Taxes, Marriage and Divorce

That a number of people in the United States actually overpay their taxes is common knowledge. For many, doing so is like giving away their hard-earned money. Fortunately, there are measures to take to avoid this situation. More so, having an offensive plan is better than putting off fires as they arise. The more money you will save and the better advantage you will have if you are more informed about your benefits as a tax payer.

 

Normally, people can clearly picture out their individual tax benefits and requirements. However, after getting married, they forget that there will also be changes in their tax status. Aside from not educating themselves with the different tax benefits, people are misinformed as well; these fallacies come from their parents who also didn't know the real score.

 

One of the usual misconceptions is that when you're married, you are only responsible for your half of the taxes in your joint income tax return. Although it might seem to make sense, the opposite is true in this situation. The IRS believes that when you choose to file for a joint income tax return, you and your spouse are signing a contract that is binding. That contract includes joint and several legal responsibilities for you and your spouse. This basically means that if one party, that is, you or your spouse, decides to leave, then the other party is required to pay 100% of the total amount of taxes due.

 

Another commonly-held misconception concerning taxes and marriage is that if your spouse has a prior tax debt from the IRS, you will not be responsible in paying for that. This may be true for some states in the country. However, if you reside in one of the nine community property states, this scenario is not applicable. Getting married makes your assets and income community property. This is another way of saying that half of his/her income is yours and half of yours is hers/his. If your spouse cannot keep her/his end of the bargain, then the IRS actually has the legal right to levy half of your income to cover for the remaining tax due.

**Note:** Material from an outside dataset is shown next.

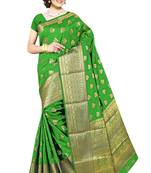 Green woven silk blend saree with blouse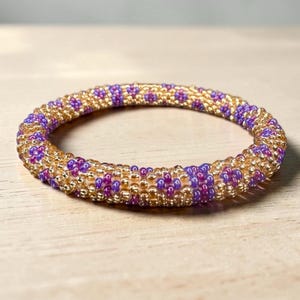 Peut inclure: Un bracelet de perles avec un motif doré et violet. Le bracelet est composé de petites perles rondes, avec des perles dorées formant la base et des perles violettes créant un motif floral. Le bracelet est circulaire et repose sur une surface en bois clair.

In addition, any refunds that you could have been qualified for as a result of filing for a joint income tax return may be kept by the IRS in order to pay the remaining debt.

 

There are also a number of misconceptions concerning taxes and divorce. Many people believe that the total tax due shall be the sole responsibility of by the ex-spouse if the couple gets a divorce. The fact is, however, divorce decrees are not honored by the IRS When a certain percentage of the tax due is not paid, the IRS will go after the person who is more capable of paying and who is easier to locate. The divorce decree, however, may be used as proof in cases when you have sought professional assistance to enforce some courses of action (relating to IRS issues) to an ex-wife or ex-husband.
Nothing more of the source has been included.